On our first date or so, one billion years ago B. C., he decided to amaze and impress me with a whole lot of True Facts. Bill then was like someone who walked off the set of Revenge of the Nerds, or maybe a very retro version of The Big Bang Theory. He wore plaid shirts rolled up to the elbow (and the lower part of the sleeve was several shades darker, for some reason), white undershirts that showed at the neck, a plastic pocket protector, and glasses held together at the bridge with electrical tape. He showed me his slide-rule tie clip once, and when the romance had progressed a little further, his "Peter Meter", a device for measuring the penis that is handed out on your first day of engineering school.
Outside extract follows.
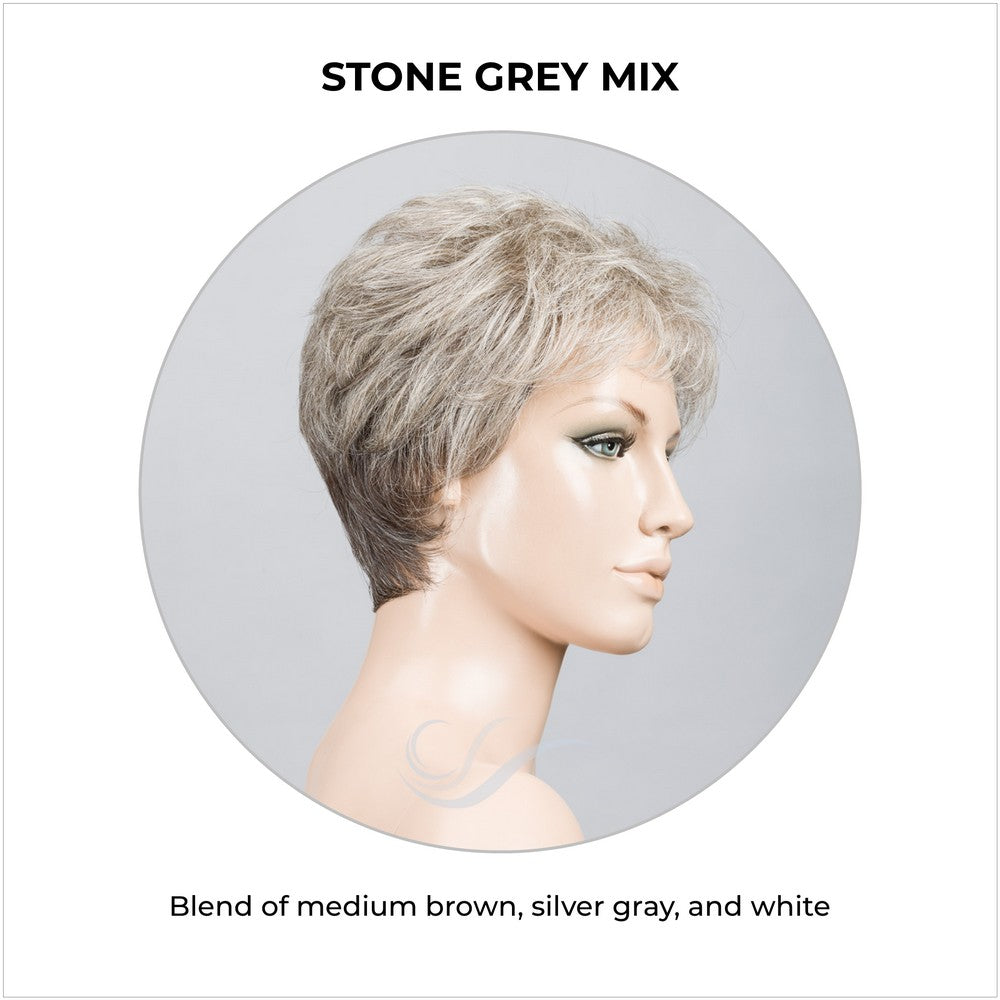 Time Comfort by Ellen Wille in Stone Grey Mix-Blend of medium brown, silver gray, and white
Some of our first hot and heavy dates were in the lab, in which I got to see him cooking up "bugs": microorganisms which were designed to eat oil spills. Later I typed part of his Master's thesis on an old Olivetti manual typewriter.
I think it was in the London Cafe, sitting there eating our cheeseburgers and chips, that he looked at me and said, "Did you know that you have over 200 bones in your foot?"
"No, I didn't know that."
"You mean you haven't heard of it before?"
"No, I didn't know that because it's NOT TRUE."
We had no internet then, so sat arguing about it for half an hour or so, then had sundaes. Eventually I came up with the correct information in a medical book. Bill was nonplussed. No, I mean it. I mean he was the correct meaning of nonplussed, which is "surprised and confused".
"You're saying there aren't 200 bones in your foot?" He still looked doubtful. I didn't have a Master's degree, so how would I know?
"Maybe in your foot."
"No, I mean are there 200 bones in everyone's feet."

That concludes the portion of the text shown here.